Ezra Klein wonders why conservatives are opposed to the appointment of Donald Berwick to head the Centers for Medicare and Medicaid Services (CMS):
Conservatives are making a serious mistake by forcing the administration to rely on a recess appointment for Berwick. Ultimately, what weakens Berwick weakens them, as Berwick, whether they know it or not, is one of the best friends they could have in the administration. That’s because insofar as Berwick is a radical, he’s a radical in favor of a patient-centered health-care system — a position that has traditionally been associated with conservatives, not liberals.
This has escaped notice because political activists don’t pay much attention to questions of delivery-system reform.
I agree with Klein that Berwick and conservatives have some areas of common ground. Here is what I wrote about Berwick in April:
While [Berwick] was a big supporter of Obamacare, [he] acknowledges its core failing; in an October lecture, he said, “Health-care reform without attention to the nature and nurture of health care as a system is doomed. It will at best simply feed the beast, pouring precious resources into the overdevelopment of parts and never attending to the whole — that is, care as our patients, their families, and their communities experience it.” Indeed, if you put Berwick in a room with a leading market-oriented health-care analyst, the two would find broad areas of agreement as to where our health-care system fails patients.
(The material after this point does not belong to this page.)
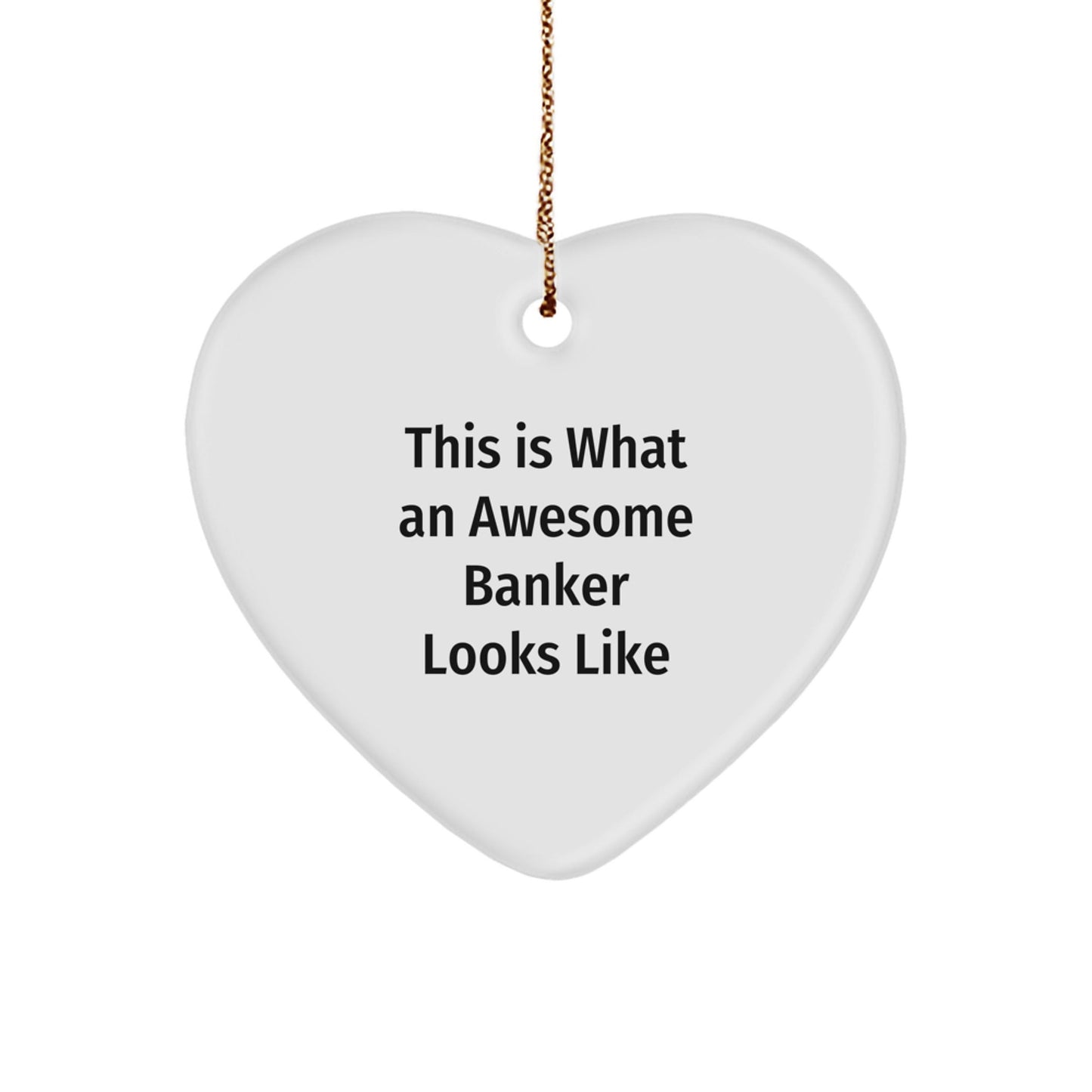 Funny Banker Gifts from Friends - 'This Is What An Awesome Banker Looks Like' Heart Ornament for Christmas - Gifts for Banker, Men, or Women - Victory Thru Vision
But they would diverge on the most important questions of all: can, and should, the state provide quality health care for all? Can enlightened, public-minded experts effectively manage one-sixth of the U.S. economy?
It is possible for conservatives and liberals to find agreement on certain aspects of health care: for example, the use of checklists in reducing surgical errors and hospital-borne infections. Such questions are ideologically neutral, and Berwick has spent a great deal of productive time considering these kinds of questions.
Where conservatives take issue with Berwick is in his sweeping confidence in the ability of politicians and technocrats to manage something as complex as our health care system. They also take issue with the idea that NHS-style bureaucrats should decide what treatments are appropriate for them. (To give one of many troubling examples, NHS initially refused to pay for a blindness drug until patients were already blind in one eye.)
Klein is right to point out that Berwick acknowledges some of the flaws of Britain’s approach in his speech to the NHS. But Berwick’s criticisms miss the point: poor quality is the inevitable consequence of the NHS approach. And that is where Berwick goes tragically wrong.